Ce qui renseigne d’une détérioration brutale du pouvoir d’achat, dont des experts à la Banque mondiale émettent des réserves sur les chiffres communiqués.
Joint par Echorouk, l’expert Mohamed Hamadouche a affirmé que le taux d’inflation était beaucoup plus important que celui annoncé par le ministère des Finances, estimant que ce dernier ne disposait pas de moyens lui permettant de mesurer l’inflation.
Pour lui, le département de Hadji Baba Ammi continue de fonctionner à l’aide de moyens archaïques en dépêchant des agents – dépourvus de matériels les plus élémentaires- dans des marchés en vue de constater la différence entre les prix réels et ceux établis auparavant.
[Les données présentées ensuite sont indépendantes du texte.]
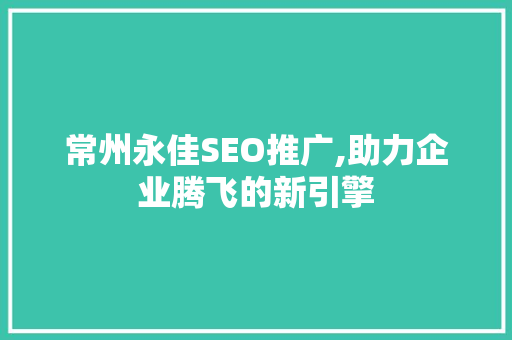 常州永佳SEO推广,助力企业腾飞的新引擎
Ce qui induit le plus souvent à l’erreur.
Selon lui, les prix affichés à Bab El Oued diffèrent de ceux d’Oran et de Relizane.
L’expert a fait savoir par ailleurs que l’ONS continuait à fonctionner avec la mentalité des années 1970, en réunissant ses agents à Bir Khadem et les charger ensuite de se rendre dans les marchés non lointains de la capitale pour mesurer le pouvoir d’achat, ce qui témoigne à ses yeux du déficit de l’Office, en panne d’une étude prospective sur l’évolution des prix.
D’après Hamadouche, l’augmentation du taux d’inflation s’explique par deux faits essentiels: la hausse des prix tant sur les marchés de gros que sur ceux de détail ainsi que la dépréciation du dinar.
Ce qui laisse présager, à ses yeux, une aggravation de la situation avec la prochaine rentrée sociale.